No total, estão 121 mil rendas em dívida, resumiu Vítor Reis, assumindo que a taxa de sucesso de pagamento através dos acordos ultrapassa os 70%, mas “tem de melhorar”.
Segundo o presidente, os custos anuais futuros ultrapassam os 9,8 milhões de euros, pelo que o IHRU intensificou a aplicação da renda apoiada para também no próximo ano ser um “senhorio exemplar e cumpridor das suas responsabilidades”.
Nesta audição em comissão parlamentar de cerca de três horas, o PSD lembrou que no final de 2011 o montante em dívida era de 5,8 milhões de euros.
Perante os deputados, o presidente do IHRU, Vítor Reis, assumiu que o “regime de renda apoiada tem injustiças e tem de ser melhorado, mas maior injustiça era deixar tudo como está”.
Vítor Reis repetiu que a "esmagadora maioria" dos arrendatários é cumpridora e que o objetivo do IHRU não é desalojar.
Pelo Bloco de Esquerda, que requereu esta audição, Helena Pinto recordou as críticas como os aumentos “incomportáveis” e sem terem em conta “situações vulneráveis como a doença”.
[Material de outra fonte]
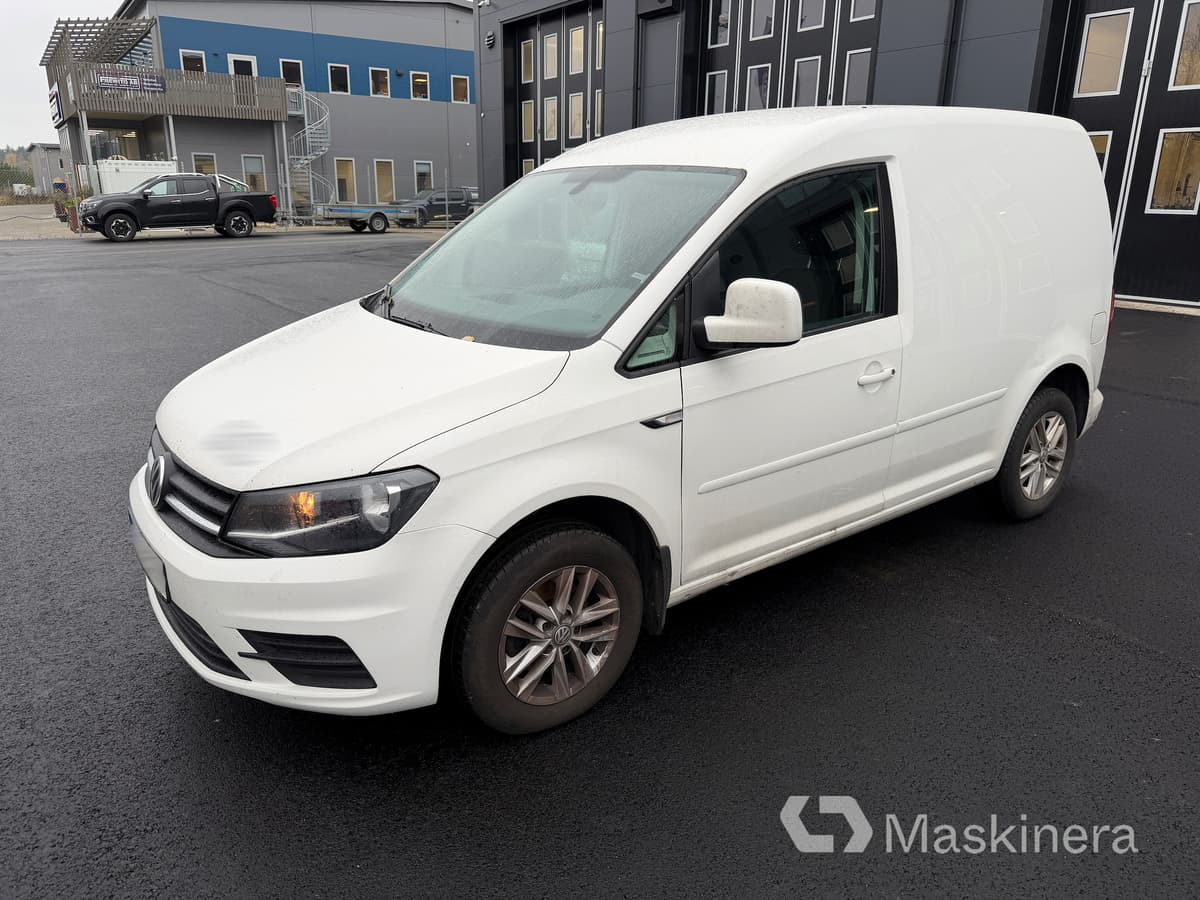 Skåpbil Volkswagen Caddy - Легковой фургон: фото 1 Skåpbil Volkswagen Caddy - Легковой фургон: фото 1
“Todos sabemos que a lei precisa de ser alterada. Quando se aplica uma lei injusta só há um resultado: mais injustiça”, resumiu.
Na Comissão Parlamentar do Ambiente, Ordenamento do Território e Poder Local, Vítor Reis explicou que o IHRU preparou para o Governo um regime de arrendamento apoiado mais abrangente do que o que tem incidido sobre a renda apoiada, implicando um trabalho "mais complexo" e que justifica o atraso na apresentação de um novo quadro legal.
Escusando-se a pormenorizar o conteúdo, o dirigente enumerou os aspetos “consensuais”: um sistema de cálculo de rendas que varia em função do rendimento e da composição e dimensão do agregado. Para o responsável, o cálculo deve continuar a ter em conta os rendimentos brutos e ser alterado em qualquer altura.
Vítor Reis indicou como alteração necessária o preço técnico (teto máximo fixado em habitação social), uma vez que há famílias que têm o dobro do rendimento de outras mas pagam o mesmo valor.
Referindo-se ao caráter social, Vítor Reis informou que o IHRU atribuiu recentemente 157 casas por motivos como a iminência de despejos, realojamento por precariedade de alojamento a violência domestica.
O PCP questionou a aplicação do regime nos bairros lisboetas dos Lóios e das Amendoeiras, uma vez que se trata de ocupações feitas após o 25 de Abril que originaram um vínculo entre o Estado e os moradores diferente do que existe em habitação social.
Vítor Reis diferenciou as duas situações, reconhecendo as ocupações nas Amendoeiras, mas indicando que os prédios nos Lóios foram construídos para realojamento na década de 1980.
Ainda acerca dos Lóios, o dirigente do IHRU levantou a hipótese de os moradores estarem a ser enganados, ao terem avançado com uma ação judicial com base num documento que não existe.
A ação indica uma convenção internacional entre os Estados Unidos e Portugal, enquanto Vítor Reis referiu estar em causa um acordo de empréstimo financeiro entre os dois países e que não contempla aquele bairro.
Outra questão criticada pelo dirigente é o pedido de 45 moradores do usucapião de património público.
O CDS disse apoiar as medidas que têm sido tomadas pelo IHRU e sublinhou a necessidade de a futura lei ter em conta a dimensão do agregado no cálculo das rendas.